The first one is more robust from a capacity viewpoint.  It's housing is shorter and more squatty compared to the second model.  The second model is a bit slimmer and gives you more working space around the bearing housing.   I am sure both are top shelf and of course their prices reflects that.   They both are available on Zoro for around $500 delivered and both are drop shipped from Royal.  They do not appear to be stocked by Zoro.  If I were going to buy these, I would wait for a Zoro flash sale for 25 to 30% off and Zoro's free shipping.  

While these Royals are very attractive from a quality and technical viewpoint, the costs are high.  These costs make me really question the need a 6000 rpm live center for a 2500 rpm (normally 1800 w/o VFD) 1340 lathe.   Flipside the accuracy of the PM1340GT continues to impress me and I am planning on using it for some fairly small parts where runout is a big issue. 

Studies will continue!   But if I had to chose between these two Royals, I'd likely go with the Mdl # 10663 (the second one).  It provides a smaller diameter body and therefore some extra space.


----------



## Alan H. (Nov 3, 2017)

On the Royal theme and for entertainment.

Here's one of the models discussed above for $165 delivered on ebay!  Seems like a really good deal until you think it through.  It obviously needs to be rebuilt since its tip seems to have spent more time under the cutter than the workpieces it's held. 

A rebuild by Royal is likely half the cost of a new one plus shipping to and fro.  So that would be at least $275.  So $275 plus $165 = $440.  That's more than you can buy a new one for from Zoro when their flash sales come 'round!   Add in your time and effort and it is an absolute bust.  ebay is not a trustworthy marketplace to say the least.   I use it often but have been burned enough to be quite cautious.


----------



## Dan_S (Nov 3, 2017)

Alan H said:


> Comparing a couple of Royals:
> While these Royals are very attractive from a quality and technical viewpoint, the costs are high.  These costs make me really question the need a 6000 rpm live center for a 2500 rpm (normally 1800 w/o VFD) 1340 lathe.



This is the crux of the issue.
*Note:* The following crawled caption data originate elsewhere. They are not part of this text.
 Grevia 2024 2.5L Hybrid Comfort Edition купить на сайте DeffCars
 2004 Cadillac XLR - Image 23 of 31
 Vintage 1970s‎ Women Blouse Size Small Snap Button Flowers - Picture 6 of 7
Unless you plan on upgrading to a higher rpm machine, or have use cases that require a lot of tail stock pressure, you are just throwing money out the window in my opinion.  Three things drive up bearing costs, tolerances, load capacity, and maximum rpm.


----------



## bss1 (Nov 3, 2017)

I was thinking along those same lines and was considering this one because of the relatively low RPM capability of the 1340 and my unlikely need for a high weight capacity or liquid proof seal for that matter .
http://zlivecenter.com/mt3-livecenter/S07002MT3

It has a smaller body than the mid priced model from Z-Live or Shars, but likely lesser bearings.


----------



## Alan H. (Nov 3, 2017)

Brad, that looks like a good option.  A bit shorter on the reach but also the body is smaller which would help.  

I agree on no need for being coolant proof.  I use a Fog Buster from time to time but "coolant proof" is not a requirement for me either.


----------



## Alan H. (Nov 7, 2017)

Thanks for all the feedback.

Here's where I landed.  One of my buddies reminded me of a deal I'd seen on ebay and I was able to buy a brand spanking new quad bearing Royal at a very, very attractive price.
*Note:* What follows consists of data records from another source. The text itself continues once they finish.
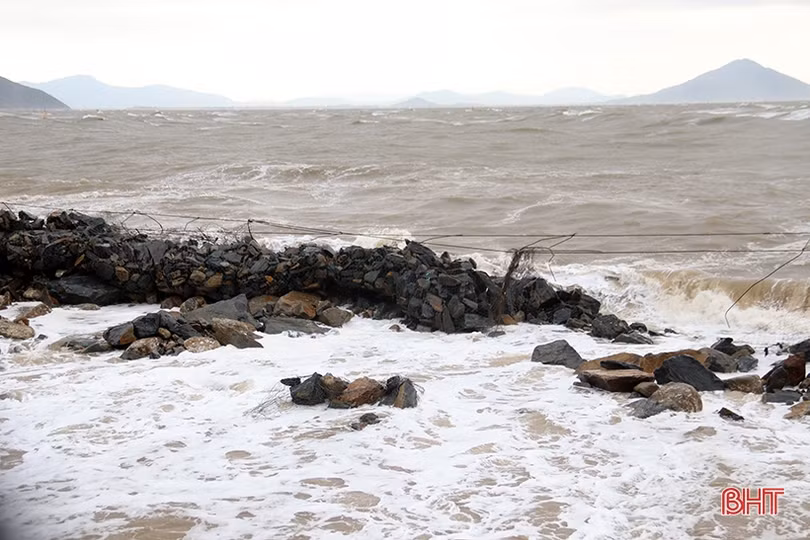 Dự báo gió mạnh, sóng lớn và mưa dông trên vùng biển Hà Tĩnh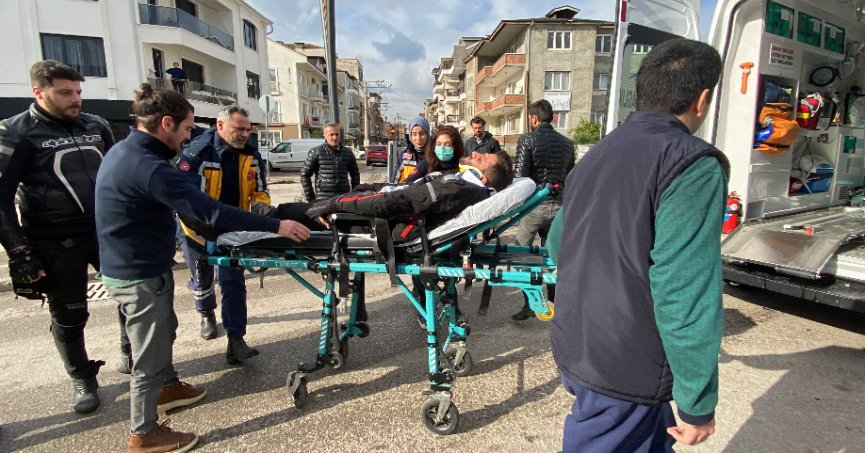 Motosikletten düşen kurye yaralandı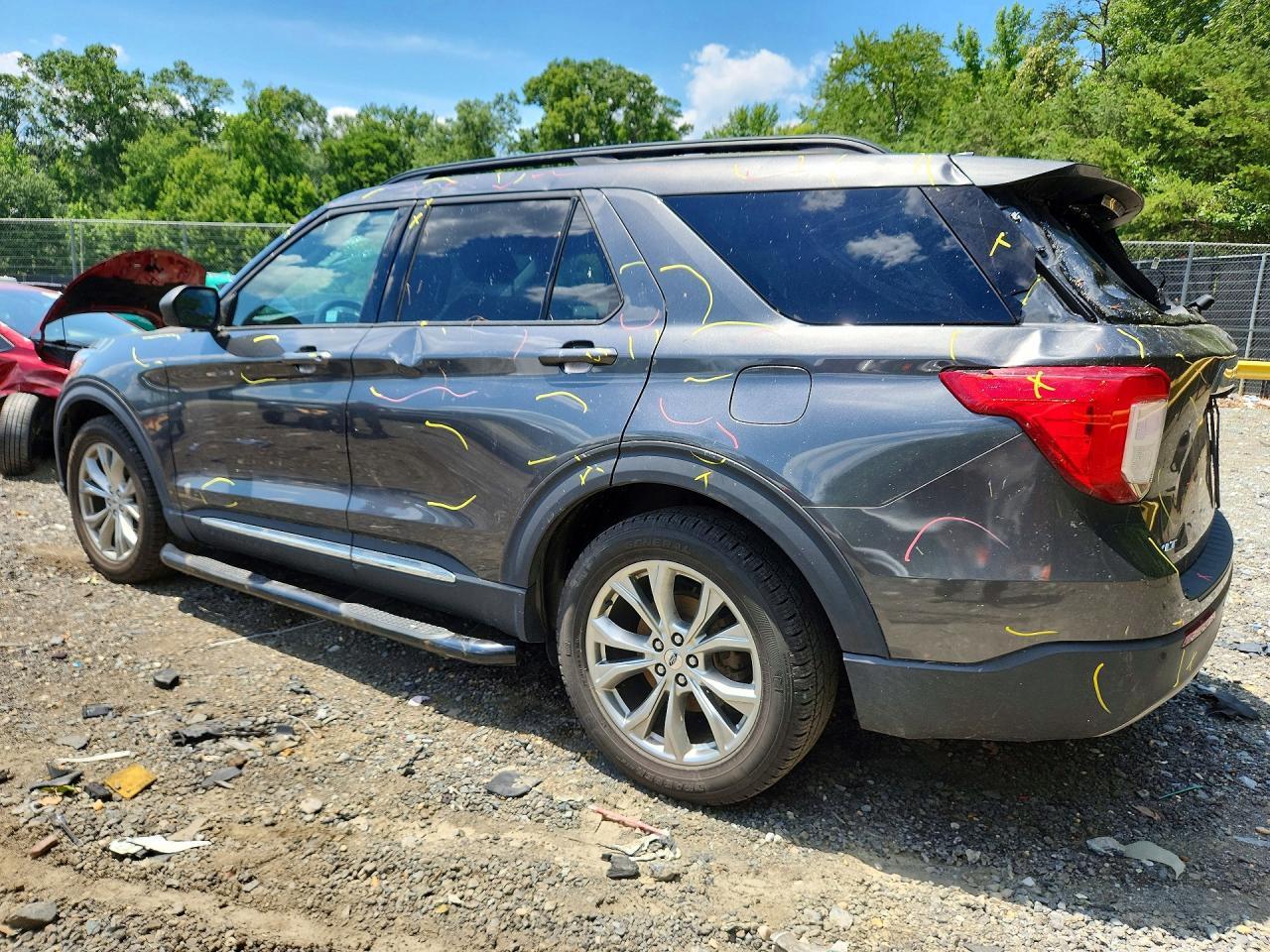 2020 Ford Explorer Xlt - Фото 2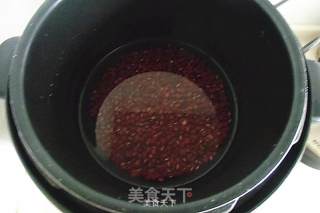 椰果仙草冻奶茶的做法步骤：3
It is a MT#2 so I will use a MT3 to MT2 adapter.  Would have preferred a MT3 but the deal was over the top and I couldn't pass it up.

I called Royal and spoke to them about it being a bit stiff.   They confirmed that 4 bearings and a seal make this appear to be too stiff when new but it will break in.
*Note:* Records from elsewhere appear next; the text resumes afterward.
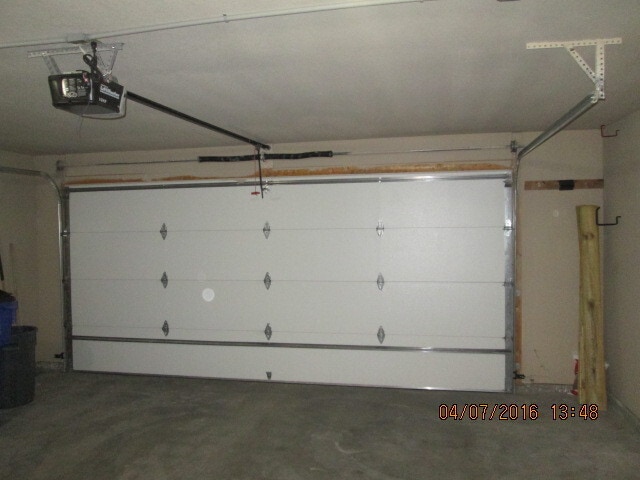 Building Photo - Beautiful Townhome Plenty of Space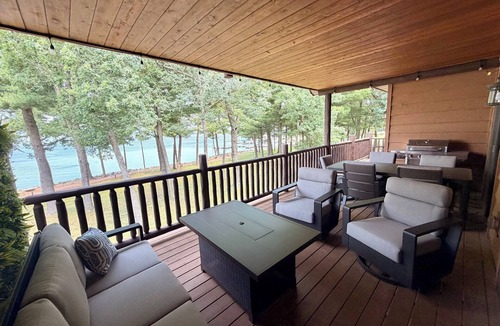 Mauston Condo | NEW - Lake & Beach Front -Directly On Castle Rock Lake. Newly updated!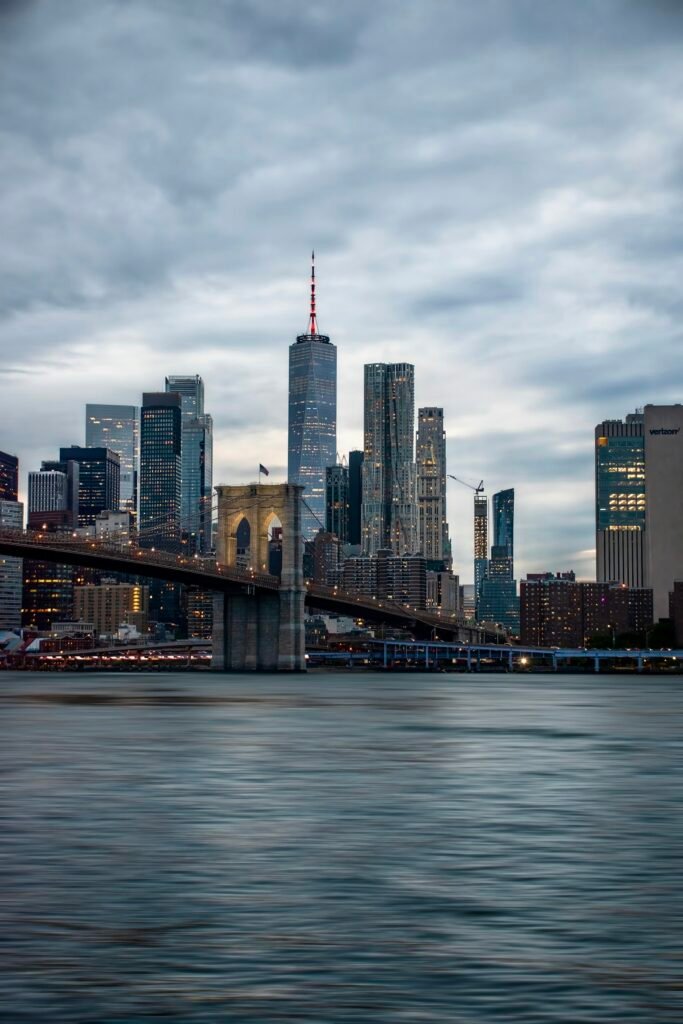 Skyline de Nueva York con el puente de Brooklyn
EDIT:  Royal tech service also told me it would run hot in the beginning and not to worry about it.  Just keep enough axial compression on it so it doesn't slip and gall the tip.


----------



## mikey (Nov 7, 2017)

Alan H said:


> Thanks for all the feedback.
> 
> Here's where I landed.  One of my buddies reminded me of a deal I'd seen on ebay and I was able to buy a brand spanking new quad bearing Royal at a very, very attractive price.
> 
> ...



Wise choice, Alan.


----------



## bss1 (Nov 7, 2017)

Wow that’s a nice looking piece!


----------